I'm sorry, dad. You know I would never have tried to save River's life if I had known there was a dinner party at risk.

Simon ,'Safe'


The Great Write Way  

A place for Buffistas to discuss, beta and otherwise deal and dish on their non-fan fiction projects.


deborah grabien - Nov 28, 2004 2:02:27 pm PST #8292 of 10001
It really doesn't matter. It's just an opinion. Don't worry about it. Not worth the hassle.

Imprint

From an old photograph, with "Lausanne 1939" on the back, she stares up at me.

Christ, she's gorgeous. Blue-black curls, huge eyes, cheekbones, but more than that? She's loving it. Unlike me, she has beautiful arms; one hand's on an out-thrust hip, one perfect leg teases the photographer: probably my father.

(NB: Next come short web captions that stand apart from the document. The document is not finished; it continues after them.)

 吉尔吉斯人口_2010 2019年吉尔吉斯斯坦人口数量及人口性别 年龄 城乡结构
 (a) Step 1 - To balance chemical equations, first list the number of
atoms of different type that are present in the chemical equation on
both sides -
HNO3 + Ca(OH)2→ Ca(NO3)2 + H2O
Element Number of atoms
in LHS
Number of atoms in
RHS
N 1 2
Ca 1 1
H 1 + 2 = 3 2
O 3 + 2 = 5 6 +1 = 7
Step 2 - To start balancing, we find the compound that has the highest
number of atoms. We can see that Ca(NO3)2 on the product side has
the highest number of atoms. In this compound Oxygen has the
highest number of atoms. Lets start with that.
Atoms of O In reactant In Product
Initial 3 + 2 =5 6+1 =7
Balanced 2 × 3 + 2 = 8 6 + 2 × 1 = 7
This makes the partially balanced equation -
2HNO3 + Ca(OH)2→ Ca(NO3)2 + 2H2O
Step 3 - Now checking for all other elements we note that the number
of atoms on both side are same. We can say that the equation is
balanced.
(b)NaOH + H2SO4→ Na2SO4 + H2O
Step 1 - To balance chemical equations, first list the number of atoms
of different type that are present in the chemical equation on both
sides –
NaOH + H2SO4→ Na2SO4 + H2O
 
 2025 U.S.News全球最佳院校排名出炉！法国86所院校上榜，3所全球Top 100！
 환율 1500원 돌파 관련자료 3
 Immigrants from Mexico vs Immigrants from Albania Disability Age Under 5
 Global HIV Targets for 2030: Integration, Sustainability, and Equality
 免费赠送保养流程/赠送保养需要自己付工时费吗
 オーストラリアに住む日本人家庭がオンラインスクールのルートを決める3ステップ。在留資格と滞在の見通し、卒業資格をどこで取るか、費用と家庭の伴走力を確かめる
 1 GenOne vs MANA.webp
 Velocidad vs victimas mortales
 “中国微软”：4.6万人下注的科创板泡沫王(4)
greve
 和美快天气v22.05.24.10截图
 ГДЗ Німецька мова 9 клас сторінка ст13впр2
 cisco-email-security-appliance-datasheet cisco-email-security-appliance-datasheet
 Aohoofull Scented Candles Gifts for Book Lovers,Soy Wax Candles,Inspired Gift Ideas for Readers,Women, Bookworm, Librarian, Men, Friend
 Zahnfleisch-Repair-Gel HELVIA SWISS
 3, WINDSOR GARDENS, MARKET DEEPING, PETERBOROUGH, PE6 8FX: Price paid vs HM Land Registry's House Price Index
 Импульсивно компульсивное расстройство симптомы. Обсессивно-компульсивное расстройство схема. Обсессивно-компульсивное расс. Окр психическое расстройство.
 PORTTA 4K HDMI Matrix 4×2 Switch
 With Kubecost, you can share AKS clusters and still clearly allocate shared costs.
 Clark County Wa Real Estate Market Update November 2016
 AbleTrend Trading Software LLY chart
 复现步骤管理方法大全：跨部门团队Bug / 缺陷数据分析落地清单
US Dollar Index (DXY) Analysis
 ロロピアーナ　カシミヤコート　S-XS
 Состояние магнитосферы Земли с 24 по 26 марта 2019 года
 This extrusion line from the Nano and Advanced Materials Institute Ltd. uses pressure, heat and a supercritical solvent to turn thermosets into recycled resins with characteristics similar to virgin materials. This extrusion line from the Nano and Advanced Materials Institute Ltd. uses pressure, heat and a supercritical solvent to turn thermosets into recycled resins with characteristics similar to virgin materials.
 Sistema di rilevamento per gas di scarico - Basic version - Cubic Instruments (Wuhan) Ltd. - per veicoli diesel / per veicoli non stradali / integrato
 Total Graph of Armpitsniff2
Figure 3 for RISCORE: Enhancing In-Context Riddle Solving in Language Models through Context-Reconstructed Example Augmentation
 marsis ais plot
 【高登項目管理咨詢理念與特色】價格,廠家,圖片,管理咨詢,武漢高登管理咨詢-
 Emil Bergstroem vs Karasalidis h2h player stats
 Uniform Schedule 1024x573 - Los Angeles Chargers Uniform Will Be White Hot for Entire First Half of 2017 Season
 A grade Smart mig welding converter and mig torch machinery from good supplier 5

She's an icon of arrogant sexuality. She looks more like the me I've known all these years, than the she I knew all those years.

I wonder what, in the weight of time, could have twisted this confident siren into the cold bitter woman I never wanted to know.


Pix - Nov 28, 2004 2:06:53 pm PST #8293 of 10001
We're all getting played with, babe. -Weird Barbie

Deb, ouch. That drabble stings.

I'm putting the finishing touches on the revision. It will be insent shortly.


deborah grabien - Nov 28, 2004 2:09:12 pm PST #8294 of 10001
It really doesn't matter. It's just an opinion. Don't worry about it. Not worth the hassle.

Looking at that picture of my mother is a genuine viscero-emotional disconnect. I look more like her than any of the other kids, and I can hardly stand to look at it. It terrifies me. What happened to her?

I'm here, and drying off before we head south, and will open as soon as it gets here.


erikaj - Nov 28, 2004 2:12:17 pm PST #8295 of 10001
Always Anti-fascist!

Pictures of my mom and me at about age 12 could be the same person, in different clothes. As adults, the resemblance is definite, mind you, but not doppleganger.


deborah grabien - Nov 28, 2004 2:20:45 pm PST #8296 of 10001
It really doesn't matter. It's just an opinion. Don't worry about it. Not worth the hassle.

erika, the change in her wasn't so much physical as it was emtionally and spiritually profound. It wasn't so much that the girl in the photograph was pretty, or vibrant, or the usual stuff; it was that she was someone else entirely. She was eyefucking the photographer like a hot date; the picture oozes pure sexuality. She flaunted it. It was fucking beautiful.

And I have no idea who that girl was. The woman I knew was cold, distant, shuttered, physically occasionally violent, and very unstable.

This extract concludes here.